Short web captions:
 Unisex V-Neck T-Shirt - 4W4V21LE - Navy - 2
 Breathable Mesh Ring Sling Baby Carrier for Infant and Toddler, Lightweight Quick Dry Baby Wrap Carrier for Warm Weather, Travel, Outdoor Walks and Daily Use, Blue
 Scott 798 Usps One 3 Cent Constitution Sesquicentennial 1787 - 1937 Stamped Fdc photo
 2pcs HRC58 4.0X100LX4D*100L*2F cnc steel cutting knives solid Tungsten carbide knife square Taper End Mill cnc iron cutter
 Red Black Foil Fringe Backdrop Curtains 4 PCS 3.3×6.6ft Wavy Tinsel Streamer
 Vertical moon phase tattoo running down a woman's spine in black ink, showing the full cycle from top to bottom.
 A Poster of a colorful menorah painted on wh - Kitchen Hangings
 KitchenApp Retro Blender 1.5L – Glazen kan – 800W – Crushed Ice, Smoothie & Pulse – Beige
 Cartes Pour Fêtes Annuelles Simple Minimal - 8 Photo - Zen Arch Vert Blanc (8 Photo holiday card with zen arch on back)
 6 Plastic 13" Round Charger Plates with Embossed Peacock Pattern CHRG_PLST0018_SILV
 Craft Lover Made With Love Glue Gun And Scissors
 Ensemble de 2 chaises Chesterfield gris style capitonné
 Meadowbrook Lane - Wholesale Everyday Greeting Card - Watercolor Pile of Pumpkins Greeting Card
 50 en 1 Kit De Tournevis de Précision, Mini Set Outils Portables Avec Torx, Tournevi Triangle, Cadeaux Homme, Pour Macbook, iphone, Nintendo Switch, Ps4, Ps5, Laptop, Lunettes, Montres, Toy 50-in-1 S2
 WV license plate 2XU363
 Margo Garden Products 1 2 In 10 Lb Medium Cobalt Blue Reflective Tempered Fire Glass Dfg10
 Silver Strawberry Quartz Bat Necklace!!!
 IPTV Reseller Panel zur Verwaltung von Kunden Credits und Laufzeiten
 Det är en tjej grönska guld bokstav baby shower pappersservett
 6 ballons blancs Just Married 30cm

• Work request
Search the data above for the word "Blue" and report how many lines contain it, with nothing further.

• Answer for this exercise
2